The Kitchen Tool Julia Child Called 'Revolutionary'
A good carpenter knows they need the right tools to get the job done effectively. The same can be said about a chef. Anyone who throws down in the kitchen knows they need an assortment of cookware to bake, flambé, sauté, and prepare general yumminess. No one embraced this concept more than legendary celebrity chef, Julia Child. Her ground-breaking cookbook, "Mastering the Art of French Cooking" was released in the 1960s and is among the best cookbooks of the century, allowing the iconic maven of home-making to introduce U.S. households to French cuisine from an American perspective.
Child continued to share her recipes as a TV cooking show host and even customized her home kitchen with secret modifications to enhance her process. Her culinary toolbox was stocked with cutting-edge equipment, but the electric food processor was among Child's most cherished pieces of cookware. Labeling it as a revolutionary appliance on par with the mixer and blender, Child quickly adopted food processors early in her career.
In a 1977 volume of McCall's magazine, Child wrote that the food processor "is generally about the most useful machine a good cook — or even a semi-non-cook — can have in the kitchen since, by taking so much of the time and drudgery out of many otherwise arduous operations, it actually makes good cooking possible in a way it never was before."
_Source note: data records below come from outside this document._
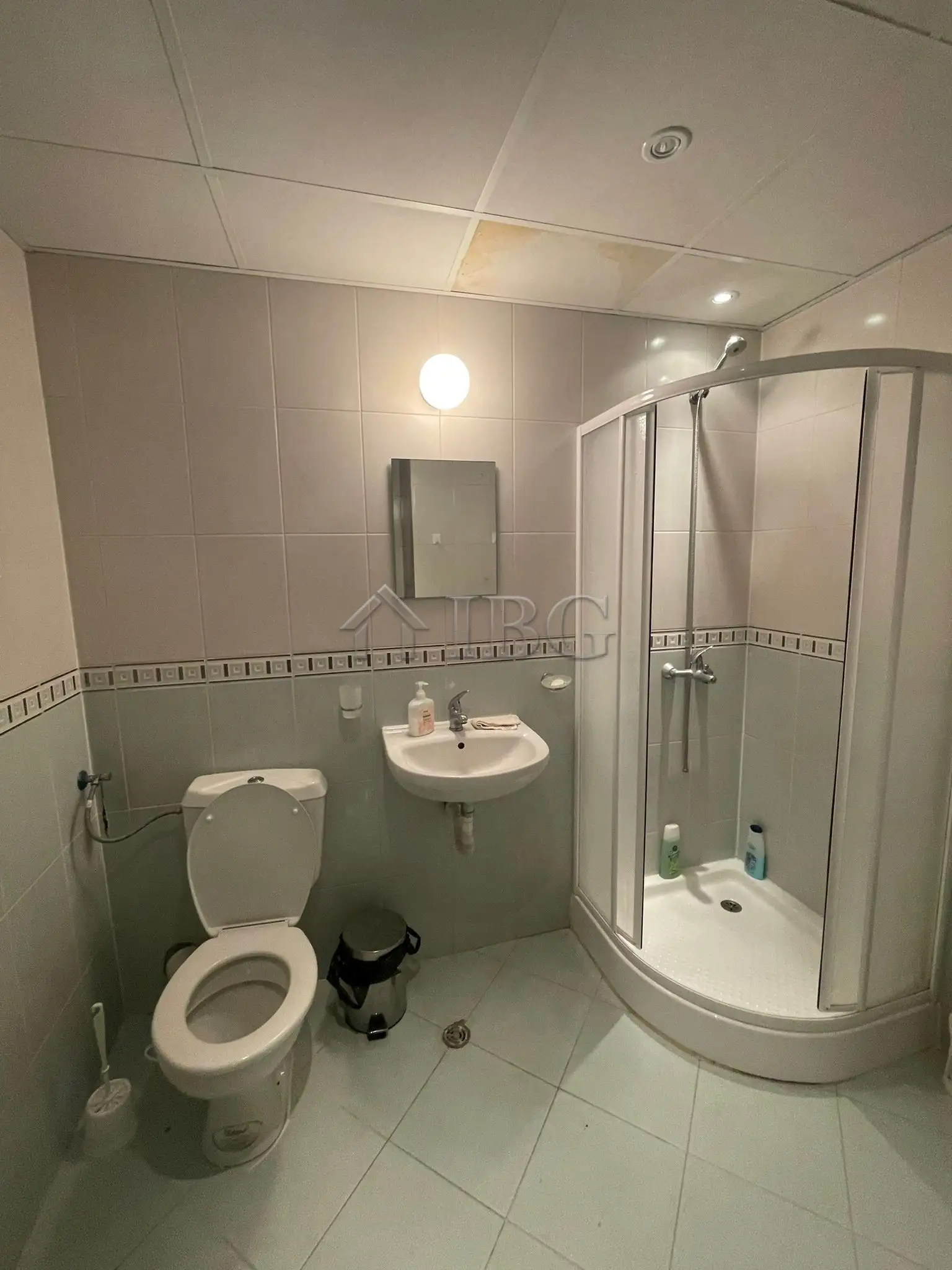Квартира 111м² в Болгарии, Несебыр. Стоимостью 95000€ аренда фото-17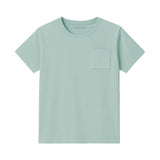 Women's Liquid Touch Tee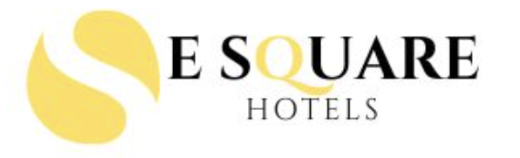 E Square Hotels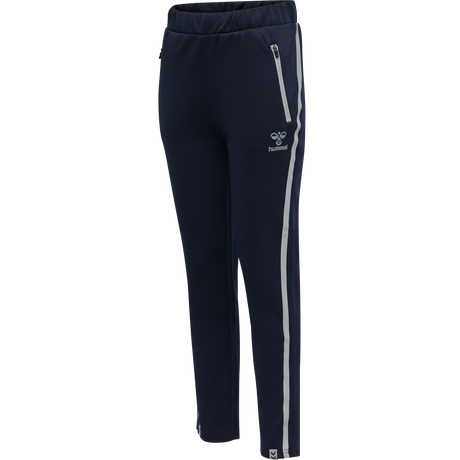 hummel Youth Cima Pants-1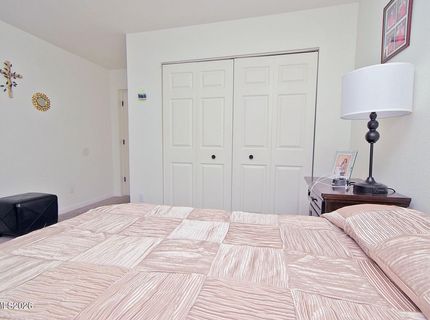 5435 Santa Rosa Avenue, Sparks, NV 89436 Photo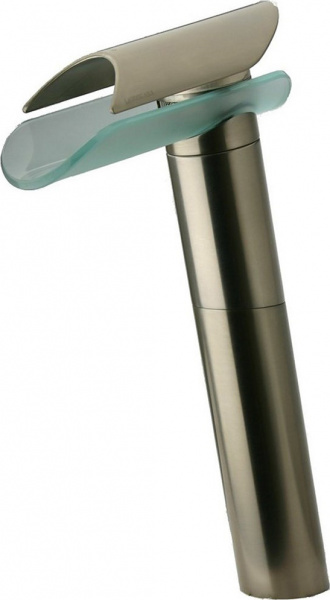  Paini Morgana 73PW205VRLL  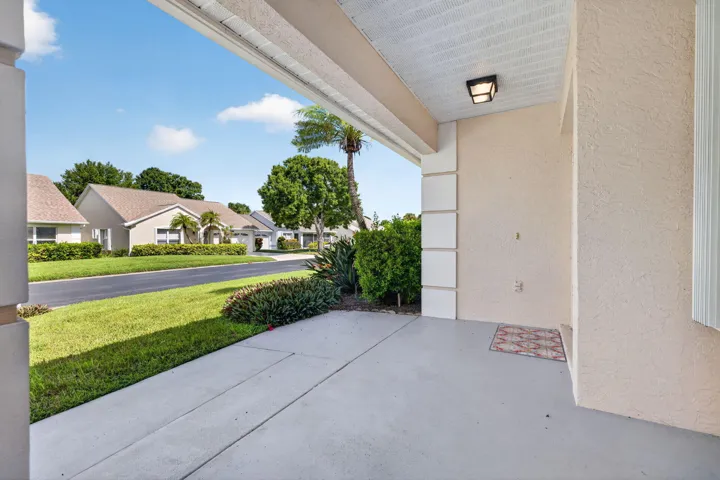 8-web-or-mls-3A5A0262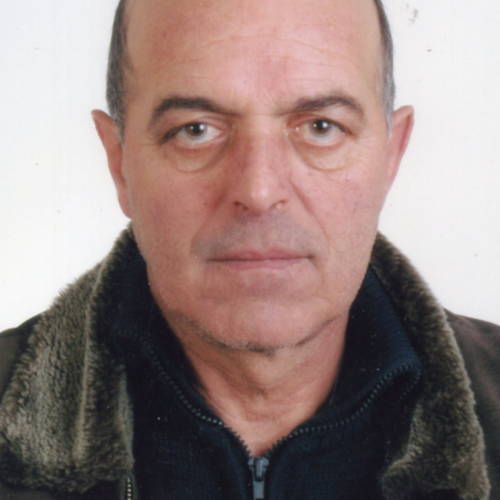 Vittorio Deidda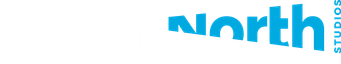 Bright North Studios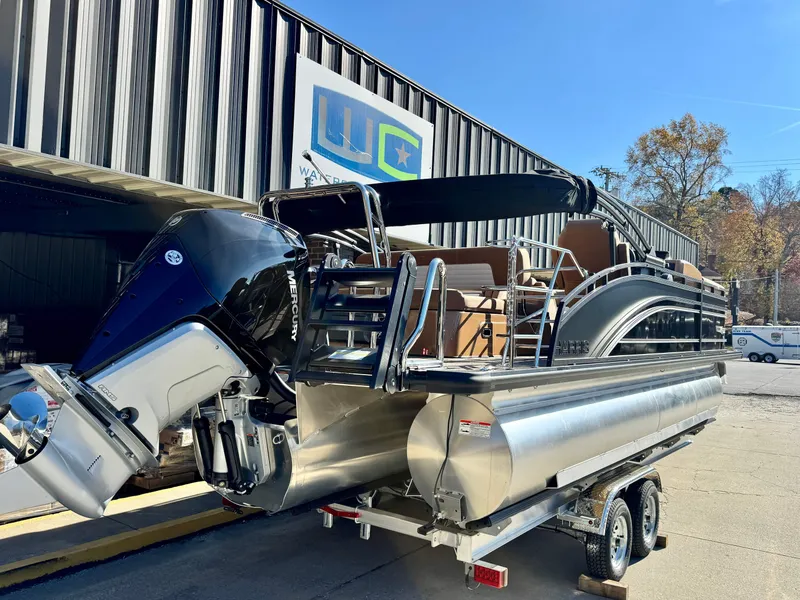 Slide: The Image of Harris Solistice 230 2026 - 15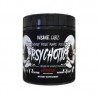 INSANE LABZ Psychotic Black 35 serv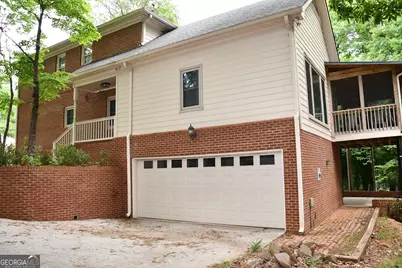 1180 Azalea Circle SE, Conyers, GA 30013 - Photo 3
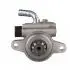 Насос ГПК TOYOTA FORTUNER, HILUX VII 2.5D-4D 05- (FEBI) FEBI BILSTEIN 103100 (фото 4)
Food processors immediately caught Julia Child's attention
Julia Child was a pioneering force who had a defining impact on what Americans eat. Her long-awaited big-screen biopic shares details about her life and her monumental impact on American cooking. During her 40-year career, Child won Emmy awards, a Peabody award, and even a Presidential Medal of Freedom, among her many accolades. Her fearlessness in the kitchen was fueled by an insatiable interest in learning about new technologies and different ways to cook. The food processor captured and piqued Child's curiosity like no other cooking gadget. She raved that it could do the job of both mixers and blenders, but also chopped herbs and vegetables, ground meat, and could make pie crusts and cake batters.
Food processors were also a huge time saver that made Child's job as a chef much easier. In a 1978 appearance on the "Dick Cavett Show," Child marveled at the efficiency of the new kitchen gadget while she showed Cavett how different processors cut down on chopping time — saving you from hand cramps and blisters — and explained how the appliance made cooking for large gatherings much more manageable.
"The important thing, I think, about the machine is that it makes it possible to do what we would consider old cuisine or really fancy dishes in just seconds," Child gushed, later adding that "if you're the home cook and you've got to get the meals out every single day on time, the faster you can do it, the better."